The bride and groom, each separately, had been glad to depart the Claytor house and be on their way. Agnes had kept a weather eye on her mother all during the ceremony itself, and Warren had been uneasy about his father, who had turned up at Scofields staggering drunk at five o’clock in the morning. Catherine sat serenely through the ceremony, though, and John Scofield had been solemn and, in fact, fragilely dapper in the company of his brothers, Leo and George. Warren slowed the big Hudson, which Uncle Leo had lent him, in the Claytors’ drive as they came in sight of the little crowd of well-wishers who stood out on the covered porch to see them off through the rain. He and Agnes waved, and then they were off.
Warren and Agnes’s wedding trip had been uneventful as well, as far as having any stories to tell upon their return. Otherwise, though, it had pretty much put Agnes in a trance. Once she was married she had been fairly crazed with the luxury of licit sex.
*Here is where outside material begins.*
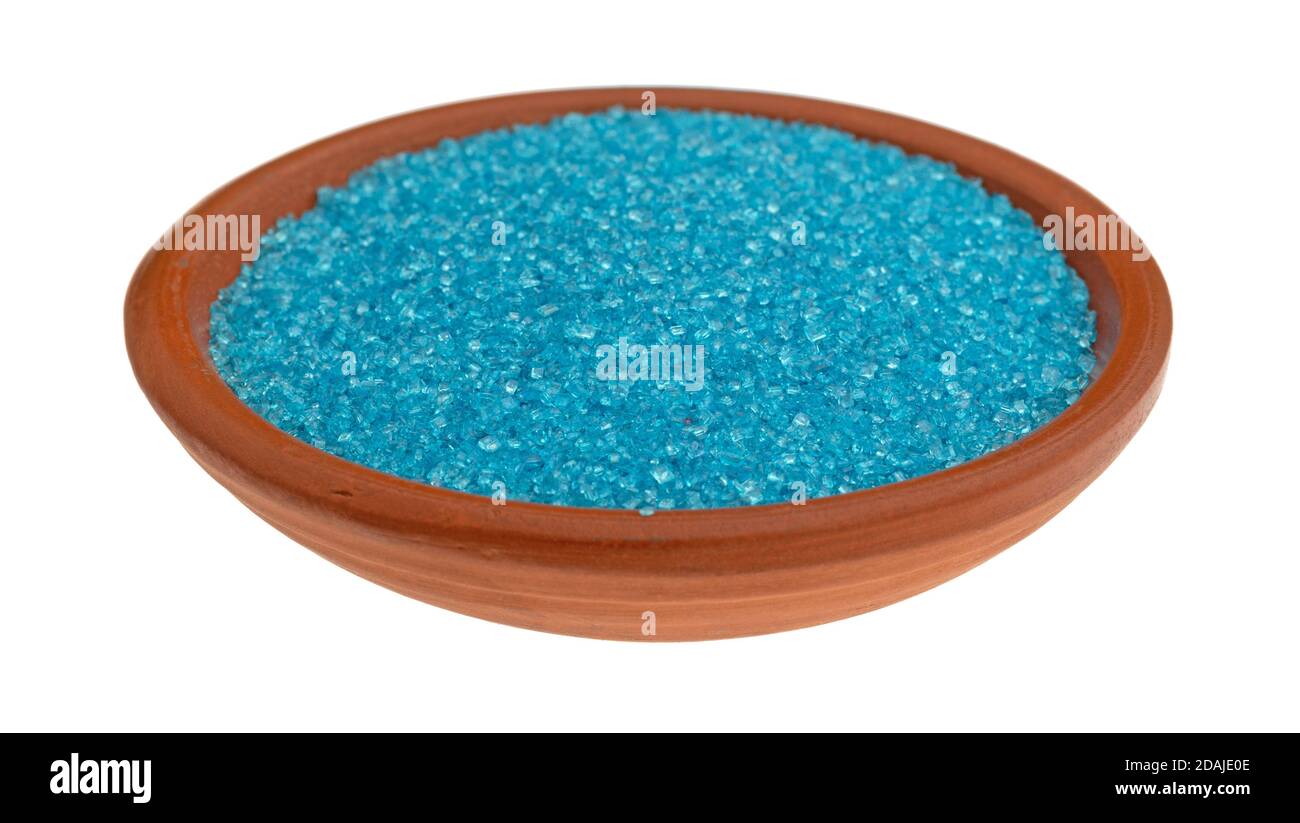 Portion of blue sanding sugar in a small clay bowl isolated on a white background. Stock Photo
She had awakened the morning after their night on the train to find Warren’s head turned toward her on the Pullman pillow and found it nearly impossible to believe that this was allowed—to believe that this was not only perfectly legal but even expected. During their honeymoon she often caught herself eyeing other couples—or any women with children in tow—and thinking that it simply wasn’t possible that they all took for granted the astonishing loss of self-consciousness, the remarkable nakedness of sex.